Ceci pose un problème à Chypre, où une règle générale limite le séjour à quatre ans au
maximum, après lesquels les titres ne sont pas renouvelés (sauf pour les personnes employées
par des entreprises internationales), de sorte que le droit de demander le regroupement
familial semble exclu pour les ressortissants de pays tiers.

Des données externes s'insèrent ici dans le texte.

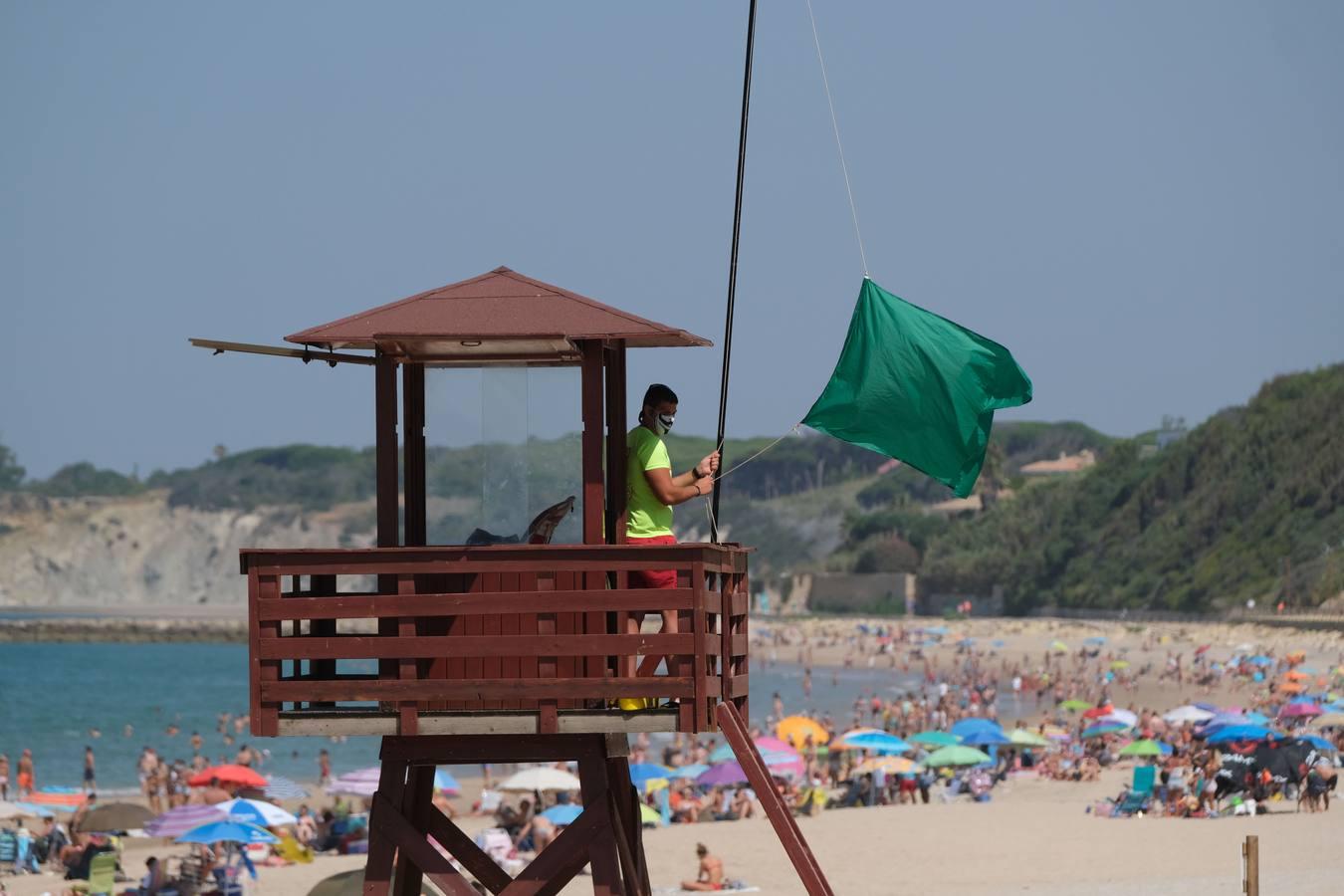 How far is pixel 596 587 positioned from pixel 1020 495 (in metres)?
115

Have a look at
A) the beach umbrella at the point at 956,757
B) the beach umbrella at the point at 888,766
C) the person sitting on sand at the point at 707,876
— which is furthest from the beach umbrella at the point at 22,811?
the beach umbrella at the point at 956,757

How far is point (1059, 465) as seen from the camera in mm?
159500

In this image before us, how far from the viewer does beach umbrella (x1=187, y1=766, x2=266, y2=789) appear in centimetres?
2569

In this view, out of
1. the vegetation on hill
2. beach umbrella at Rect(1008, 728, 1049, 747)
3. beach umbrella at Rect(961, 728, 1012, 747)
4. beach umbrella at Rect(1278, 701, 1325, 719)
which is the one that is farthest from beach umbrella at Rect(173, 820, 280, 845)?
the vegetation on hill

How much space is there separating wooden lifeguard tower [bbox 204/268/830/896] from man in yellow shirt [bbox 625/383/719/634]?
75 millimetres

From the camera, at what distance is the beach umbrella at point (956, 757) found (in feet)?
92.9

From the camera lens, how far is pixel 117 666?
102312 millimetres

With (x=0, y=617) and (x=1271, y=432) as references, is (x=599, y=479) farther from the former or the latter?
(x=0, y=617)

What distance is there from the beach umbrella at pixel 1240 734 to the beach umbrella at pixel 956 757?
3467 mm

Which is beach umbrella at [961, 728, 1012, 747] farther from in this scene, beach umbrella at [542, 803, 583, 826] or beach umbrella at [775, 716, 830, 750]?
beach umbrella at [542, 803, 583, 826]

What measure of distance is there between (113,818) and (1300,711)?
20.3m

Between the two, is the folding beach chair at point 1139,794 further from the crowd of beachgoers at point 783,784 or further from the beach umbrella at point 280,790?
the beach umbrella at point 280,790

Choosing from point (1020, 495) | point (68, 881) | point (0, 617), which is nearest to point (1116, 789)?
point (68, 881)

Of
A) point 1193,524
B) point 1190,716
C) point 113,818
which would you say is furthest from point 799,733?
point 1193,524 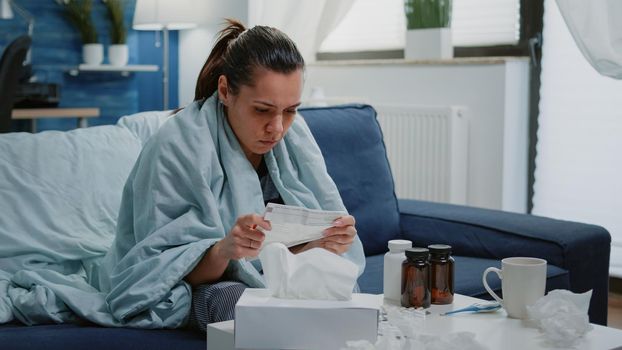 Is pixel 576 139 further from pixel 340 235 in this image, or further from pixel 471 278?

• Membres de la famille de citoyens de l’UE

Le regroupant et le membre de sa famille devant tous deux être des ressortissants de pays tiers
pour relever de la directive, les membres de la famille des citoyens de l’Union sont exclus de
son champ d’application. Ils sont soumis à la directive 2004/38/CE10, qui s’applique
uniquement aux citoyens de l’Union qui se rendent ou résident dans un État membre autre que
celui dont ils sont ressortissants. Par conséquent, le regroupement familial des citoyens de
l’Union résidant dans l’État membre dont ils ont la nationalité n’est pas régi par le droit
communautaire.

Il appartient donc à un État membre de fixer les règles régissant le droit des membres de la
famille qui sont ressortissants de pays tiers de rejoindre ses propres ressortissants. Si, pour ces
derniers, un État membre applique des règles moins favorables que celles de la directive, le
statut juridique des ressortissants de pays tiers risque de se détériorer lorsqu'ils acquerront la
nationalité d’un État membre qui a des règles moins favorables pour ses ressortissants dans ce
domaine. C’est le cas dans quatre pays: CY, LT, DE, NL.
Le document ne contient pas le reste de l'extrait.